There is a dungeon with n x m rooms arranged as a grid.
You are given a 2D array moveTime of size n x m, where moveTime[i][j] represents the minimum time in seconds when you can start moving to that room. You start from the room (0, 0) at time t = 0 and can move to an adjacent room. Moving between adjacent rooms takes one second for one move and two seconds for the next, alternating between the two.
Return the minimum time to reach the room (n - 1, m - 1).
Two rooms are adjacent if they share a common wall, either horizontally or vertically.
Example 1:
Input:moveTime = [[0,4],[4,4]]
Output: 7
Explanation:
The minimum time required is 7 seconds.
At time t == 4, move from room (0, 0) to room (1, 0) in one second.
At time t == 5, move from room (1, 0) to room (1, 1) in two seconds.
Example 2:
Input:moveTime = [[0,0,0,0],[0,0,0,0]]
Output: 6
Explanation:
The minimum time required is 6 seconds.
At time t == 0, move from room (0, 0) to room (1, 0) in one second.
At time t == 1, move from room (1, 0) to room (1, 1) in two seconds.
At time t == 3, move from room (1, 1) to room (1, 2) in one second.
At time t == 4, move from room (1, 2) to room (1, 3) in two seconds.
Example 3:
Input:moveTime = [[0,1],[1,2]]
Output: 4
Constraints:
2 <= n == moveTime.length <= 750
2 <= m == moveTime[i].length <= 750
0 <= moveTime[i][j] <= 109
Solutions
Solution 1: Dijkstra's Algorithm
We define a two-dimensional array $\textit{dist}$, where $\textit{dist}[i][j]$ represents the minimum time required to reach room $(i, j)$ from the starting point. Initially, we set all elements in the $\textit{dist}$ array to infinity, and then set the $\textit{dist}$ value of the starting point $(0, 0)$ to $0$.
We use a priority queue $\textit{pq}$ to store each state, where each state consists of three values $(d, i, j)$, representing the time $d$ required to reach room $(i, j)$ from the starting point. Initially, we add the starting point $(0, 0, 0)$ to $\textit{pq}$.
In each iteration, we take the front element $(d, i, j)$ from $\textit{pq}$. If $(i, j)$ is the endpoint, we return $d$. If $d$ is greater than $\textit{dist}[i][j]$, we skip this state.

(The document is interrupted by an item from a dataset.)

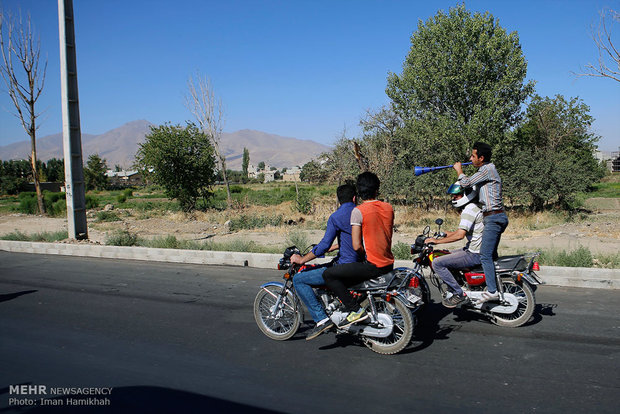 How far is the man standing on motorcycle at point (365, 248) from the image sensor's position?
5.23m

Otherwise, we enumerate the four adjacent positions $(x, y)$ of $(i, j)$. If $(x, y)$ is within the map, we calculate the final time $t$ from $(i, j)$ to $(x, y)$ as $t = \max(\textit{moveTime}[x][y], \textit{dist}[i][j]) + (i + j) \bmod 2 + 1$. If $t$ is less than $\textit{dist}[x][y]$, we update the value of $\textit{dist}[x][y]$ and add $(t, x, y)$ to $\textit{pq}$.
The time complexity is $O(n \times m \times \log (n \times m))$, and the space complexity is $O(n \times m)$. Here, $n$ and $m$ are the number of rows and columns of the map, respectively.